Ein verpasster Überkopfball als Wendepunkt
Das Match entwickelte sich zu einem hochklassigen Schlagabtausch auf dem Hartplatz in Miami Gardens. Zverev zeigte sich aggressiv und servierte stark, konnte aber die entscheidenden Punkte nicht für sich entscheiden. Besonders ein ins Netz geschlagener Überkopfball beim Stand von 4:4 im Tiebreak des zweiten Satzes erwies sich als entscheidend. „Der verpasste Überkopfball war natürlich sehr unglücklich. Der hat am Ende den Tiebreak entschieden“, analysierte Zverev nach der Niederlage. Der Olympiasieger aus Hamburg räumte ein, den Ball etwas aus den Augen verloren und falsch getimt zu haben.
Sinners beeindruckende Masters-Serie
Für Jannik Sinner bedeutet der Sieg den vierten Finaleinzug bei fünf Teilnahmen in Miami. Der 24-Jährige könnte nach seinem Triumph in Indian Wells vor zwei Wochen – wo er ebenfalls Zverev im Halbfinale besiegte – als achter Spieler in der Geschichte das prestigeträchtige „Sunshine Double“ gewinnen. Besonders bemerkenswert ist Sinners aktuelle Serie bei Masters-1000-Turnieren: Mit dem Erfolg gegen Zverev gewann er nun 32 Sätze in Folge.
Lehecka erreicht erstes Masters-Finale
Im Finale des mit 9,4 Millionen US-Dollar dotierten Turniers trifft Sinner am Sonntag auf den überraschenden Finalisten Jiri Lehecka.
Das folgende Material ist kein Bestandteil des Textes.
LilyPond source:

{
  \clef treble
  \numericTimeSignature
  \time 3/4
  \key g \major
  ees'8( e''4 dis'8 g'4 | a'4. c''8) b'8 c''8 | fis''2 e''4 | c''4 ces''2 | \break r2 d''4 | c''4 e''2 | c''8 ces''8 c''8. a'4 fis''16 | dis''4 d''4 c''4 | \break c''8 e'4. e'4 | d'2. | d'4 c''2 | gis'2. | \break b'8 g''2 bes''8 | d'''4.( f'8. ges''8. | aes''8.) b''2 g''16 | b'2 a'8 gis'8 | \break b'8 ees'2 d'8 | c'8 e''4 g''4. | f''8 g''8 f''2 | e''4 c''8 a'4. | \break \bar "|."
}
Der an Position 21 gesetzte Tscheche setzte sich im zweiten Halbfinale klar gegen Arthur Fils aus Frankreich mit 6:2, 6:2 durch. Für den 24-jährigen Lehecka ist es das erste Masters-Finale seiner Karriere. Interessanterweise gewann im Vorjahr mit Jakub Mensik ebenfalls ein Tscheche das Turnier in Miami.
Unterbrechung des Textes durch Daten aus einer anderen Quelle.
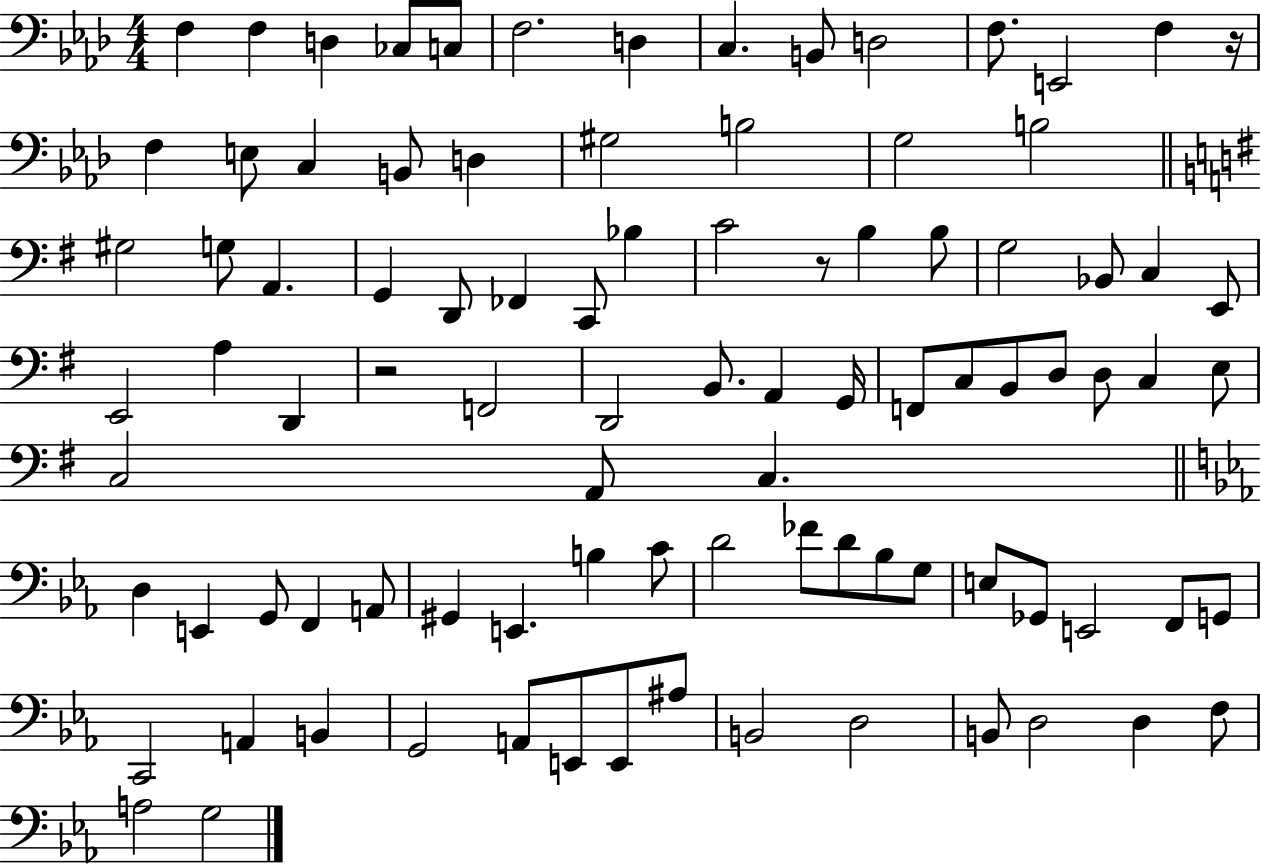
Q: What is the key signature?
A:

Sinner könnte dagegen zum zweiten Mal nach 2024 in Miami triumphieren und seine Dominanz bei den Masters-Turnieren weiter ausbauen. Für Alexander Zverev bleibt die Erkenntnis, dass er gegen seinen Angstgegner weiterhin eine Lösung finden muss. „Ich denke, der zweite Satz hätte in beide Richtungen gehen können. Ich hatte das Gefühl, von der Grundlinie aus richtig dominant zu werden“, resümierte der Deutsche, bevor er mit den Worten „Wir machen weiter“ nach vorne blickte.